The university has not commented on Huggins' arrest. Athletic director Bob Goin scheduled a news conference for Saturday.
Village police in Fairfax, just east of Cincinnati, released a police cruiser video showing Huggins' field sobriety test, which police said he failed.
Huggins had slurred speech, and there was vomit on the driver's door when he was stopped, the police report said. His car was towed, the report said, and Huggins' wife came to pick him up from the police station.
Huggins was scheduled to appear Friday night in mayors court in Fairfax, but that was postponed.
Police Chief Rick Patterson said it was Huggins' first offense. He could be fined and sentenced to three days in jail.
Huggins' arrest is the latest black mark on a program that has been trying to get beyond a series of player arrests and NCAA rules violations in the 1990s that led to probation and a loss of scholarships.
Huggins, 50, had a massive heart attack less than two years ago but didn't miss any time coaching. The Bearcats went 26-7 last season, won a share of Conference USA's regular season title and lost to Illinois in the second round of the NCAA tournament.
He was put on a diet and lost weight after the heart attack, which occurred while he was recruiting in Pennsylvania on Sept. 28, 2002. Huggins gained back some weight last season, when he said the most enduring change in his routine was that he got more sleep.
When officers pulled Huggins' car over at 11:35 p.m.

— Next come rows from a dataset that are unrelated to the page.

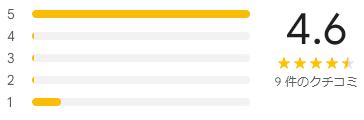 google 評価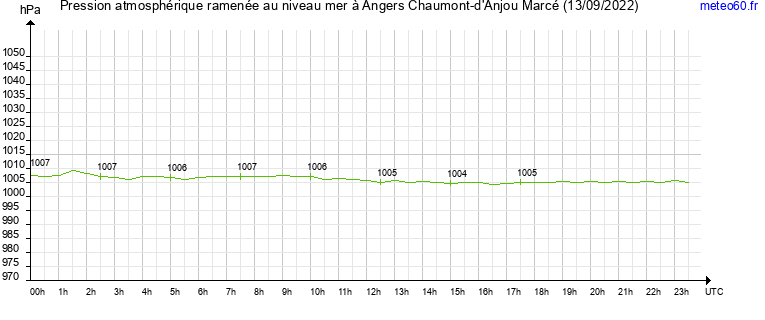 pression atmospherique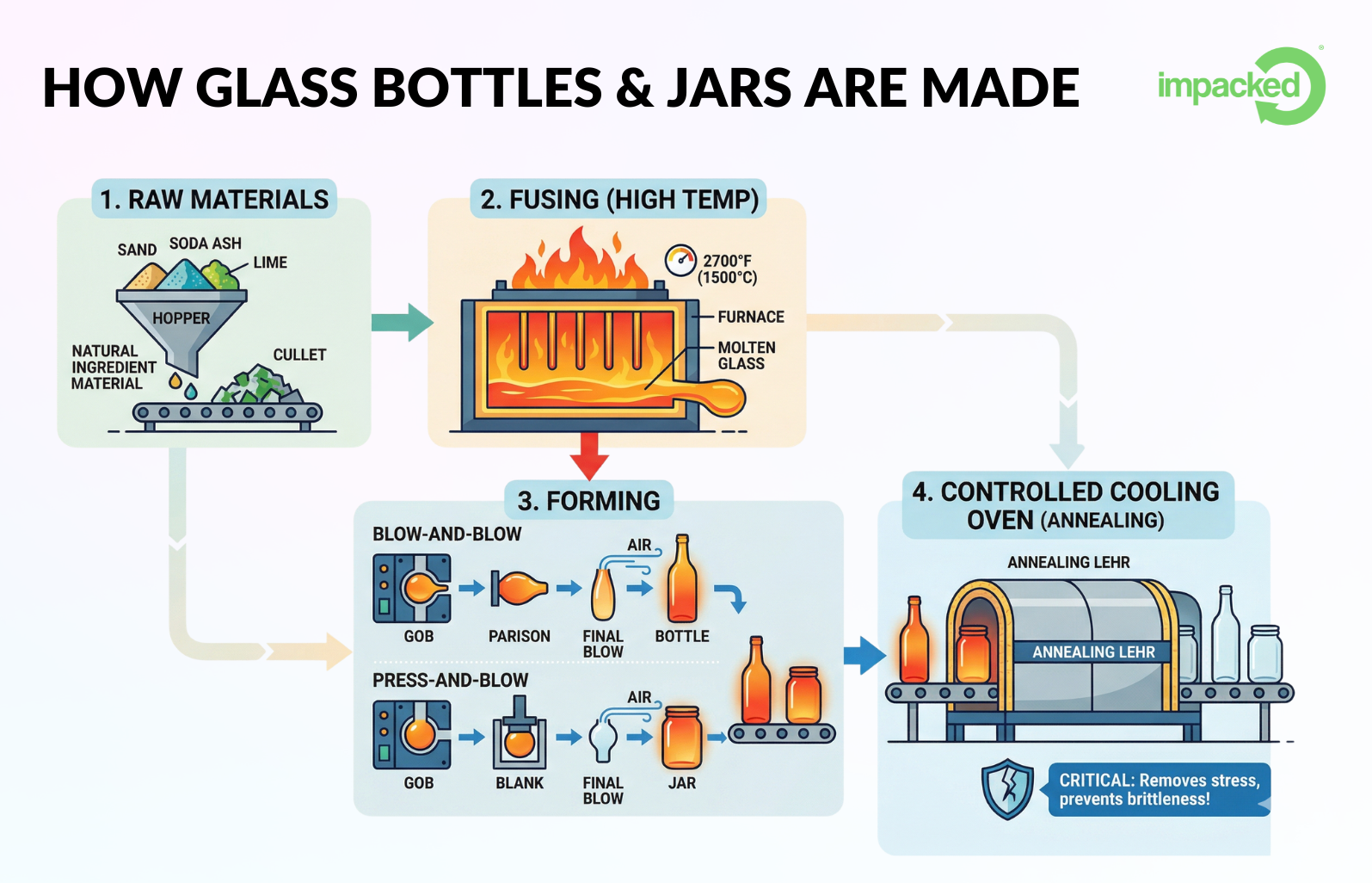 How glass bottles are made infographic showing the 6-step manufacturing process: raw materials, melting, forming, annealing, inspection, and packaging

Tuesday, he said, "Don't do this to me," but was cooperative, according to the report by Sgt. Jeff Bronson and two other officers.
Officers said Huggins told them he was on his way home after talking to recruits and had a "couple" of beers. He denied that he was under the influence of alcohol.
The report said Huggins was stopped because his car was straying out of its lane, and he sat at a light for 10 seconds after it turned green. Officers noticed vomit on the inside of the driver's side door and reported a strong smell of alcohol, prompting them to administer the field test.
Huggins had slurred speech and red, watery eyes, the report said. Officers said he "staggered" out of the car and couldn't keep his balance during the sobriety test.
Asked to recite the alphabet from the letter "E" through "P," Huggins said, "E, F, G, H, I, K, L, N, Z," according to the police report. Asked to count backward from 67 to 54, he counted from 62 to 52, the report said.
Officers tried to give a breath analyzer test, but Huggins couldn't complete it, the report said.
During Huggins' 15 seasons at Cincinnati, numerous players have been arrested or cited for offenses ranging from domestic violence to punching a police horse. Several were later acquitted or had the charges dropped.
Bearcats coach Bob Huggins has much more to worry about than his basketball team.